» Given information:
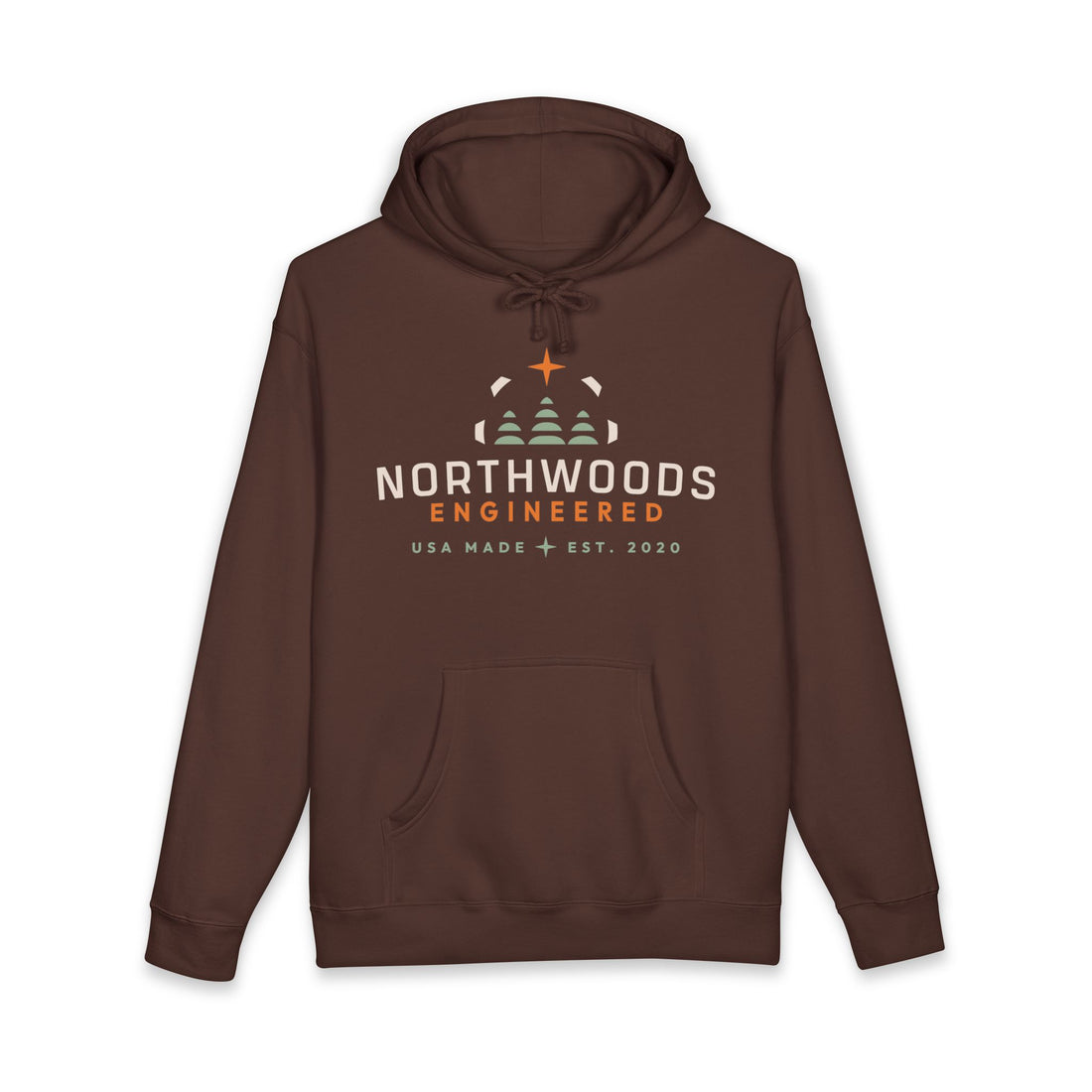 NWE Logo Hoodie Sweatshirt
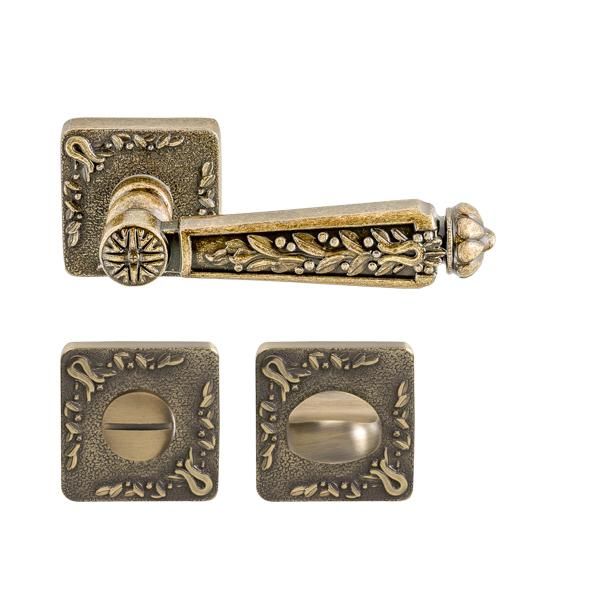 Hafele RUBY Kol seti (wc) antik bronz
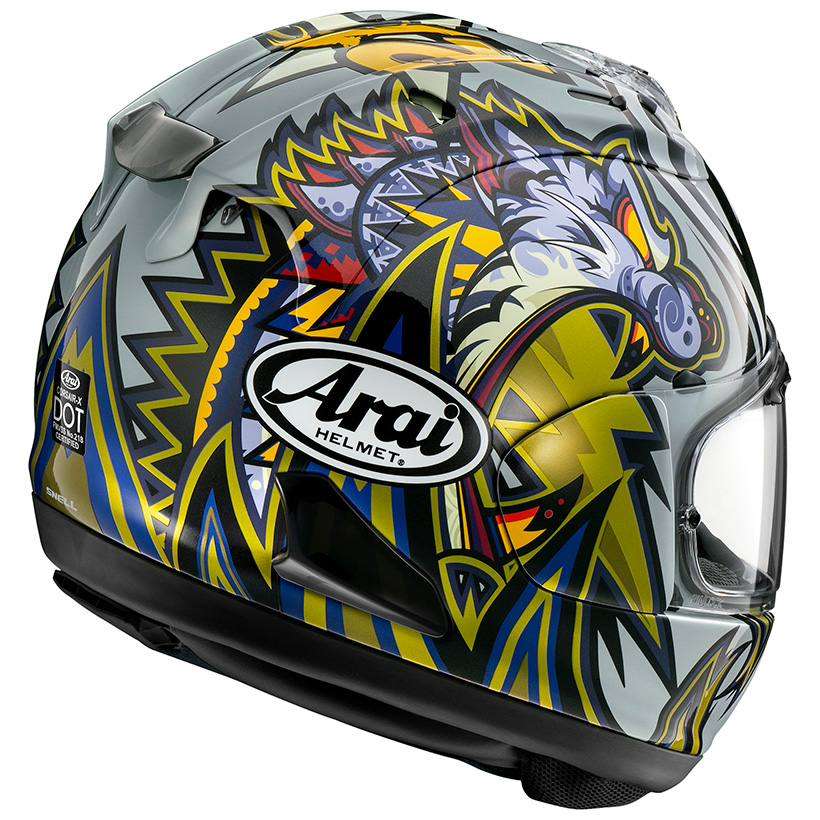 ARAI RX-7X NAKASUGA4 中須賀克行選手レプリカ|2りんかん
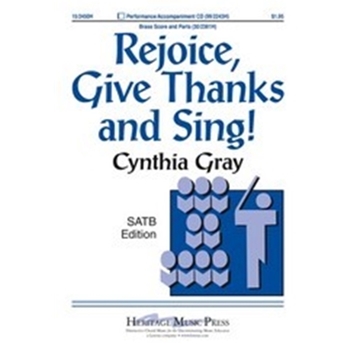 Rejoice Give Thanks & Sing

» Assigned task: Retype exactly, please, the span from the line holding "ARAI RX-7X NAKASUGA4 中須賀克行選手レプリカ|2りんかん" through the closing line of the data, both ends included, without the pictures.

» Written answer:
 ARAI RX-7X NAKASUGA4 中須賀克行選手レプリカ|2りんかん
 Rejoice Give Thanks & Sing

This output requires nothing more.